For it is as was said of old: “Temperance, courage, every virtue – even prudence itself – are purifications.”
… For what is temperance, rightly so called, but to abstain from the pleasures of the body, to reject them rather as unclean and unworthy of the clean? What else is courage but being unafraid of death, that mere parting of soul from body, an event no one can fear whose happiness lies in being his own unmingled self? What is magnanimity except scorn of earthly things? What is prudence but the kind of thinking that bends the soul away from earthly things and draws it on high? …
The more intellective it is, the more beautiful it [i.e. the soul] is. Intellection, & all that comes from intellection, is for the soul a beauty that is its own & not another’s because then it is that the soul is truly soul.
 … A divine entity & a part, as it were, of Beauty,
The Soul renders beautiful to the fullness of their capacity all things it touches or controls. …

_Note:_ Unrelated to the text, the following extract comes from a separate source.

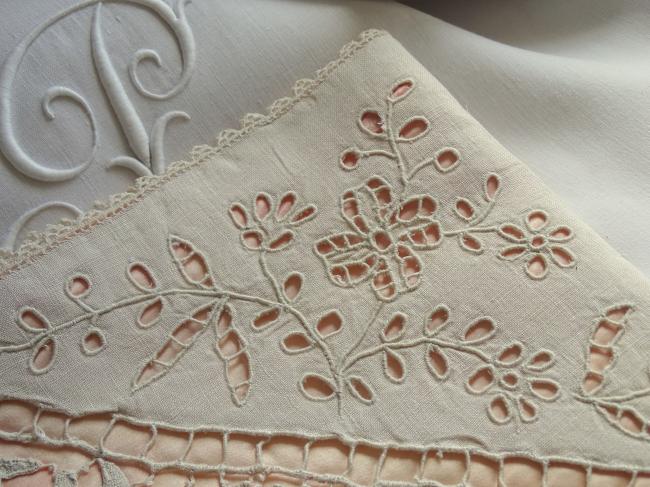 Elégante pochette pour mouchoirs, broderie & dentelle 1900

What is this vision like? How is it attained? How will one see this immense beauty that dwells, as it were, in inner sanctuaries & comes not forward to be seen by the profane? Let him who can arise, withdraw into himself, forego all that is known by the eyes, turn aside forever from the bodily beauty that was once his joy. He must not hanker after the graceful shapes that appear in bodies, but know them for copies, for traceries, for shadows, & hasten away towards that which they bespeak. For if one pursue what is like a beautiful shape moving over water – Is there not a myth about just such a dupe, how he sank into the depths of the current & was swept away to nothingness? Well, so too, one that is caught by material beauty & will not cut himself free will be precipitated, not in body but in soul, down into the dark depths loathed by The Intelligence where, blind even there in Hades, he will traffic only with shadows, there as he did here.

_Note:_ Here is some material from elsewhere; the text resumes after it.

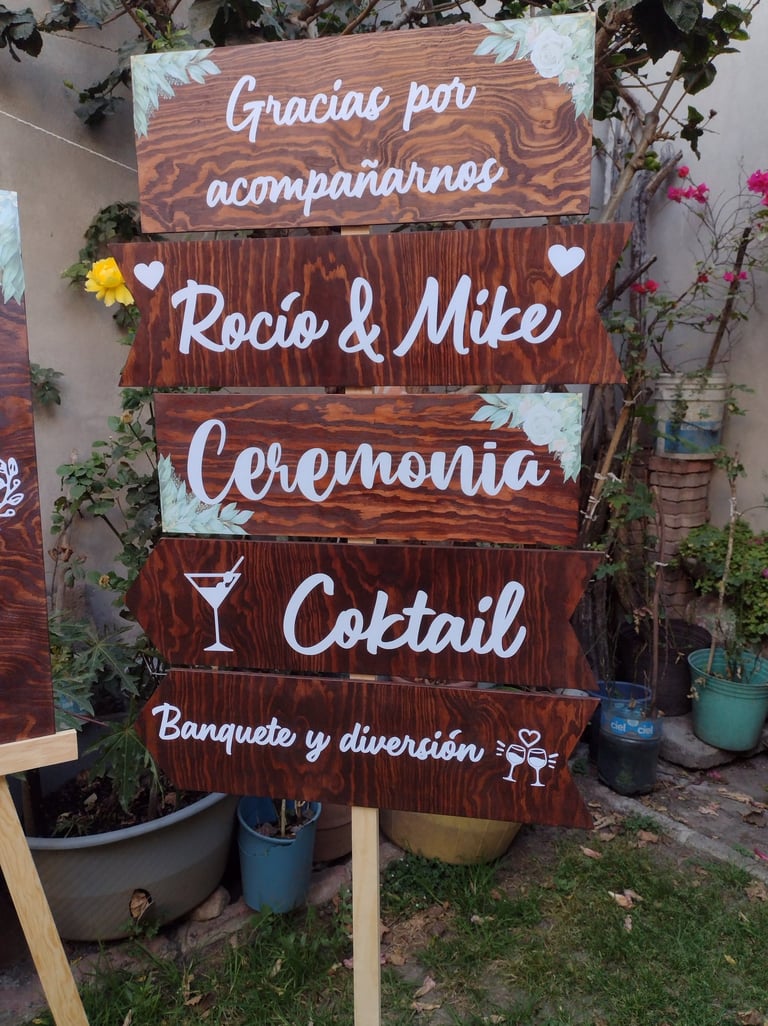 Letrero de bienvenida de indicaciones para invitados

… We must close our eyes & invoke a new manner of seeing, a wakefulness that is the birthright of us all, though few put it to use. …
“How can one see the beauty of a good soul?” Withdraw into yourself & look. If you do not as yet see beauty within you, do as does the sculptor of a statue that is to be beautified: he cuts away here, he smoothes it there, he makes this line lighter, this other one purer, until he disengages beautiful lineaments in the marble. Do you this, too. Cut away all that is excessive, straighten all that is crooked, bring light to all that is overcast, labor to make all one radiance of beauty. Never cease “working at the statue” until there shines out upon you from it the divine sheen of virtue, until you see perfect “goodness firmly established in stainless shrine.” Have you become like this? Do you see yourself, abiding within yourself, in pure solitude? Does nothing now remain to shatter that interior unity, nor anything external cling to your authentic self? Are you entirely that sole true light which is not contained by space, not confined to any circumscribed form, not diffused as something without term, but ever unmeasurable as something greater than all measure & something more than all quantity? Do you see yourself in this state? Then you have become vision itself. Be of good heart. Remaining here you have ascended aloft. You need a guide no longer. Strain & see.
Only the mind’s eye can contemplate this mighty beauty.
But if it comes to contemplation purblind with vice, impure, weak, without the strength to look upon brilliant objects, it then sees nothing even if it is placed in the presence of an object that can be seen.
… Let each one therefore become godlike & beautiful who would contemplate the divine & beautiful."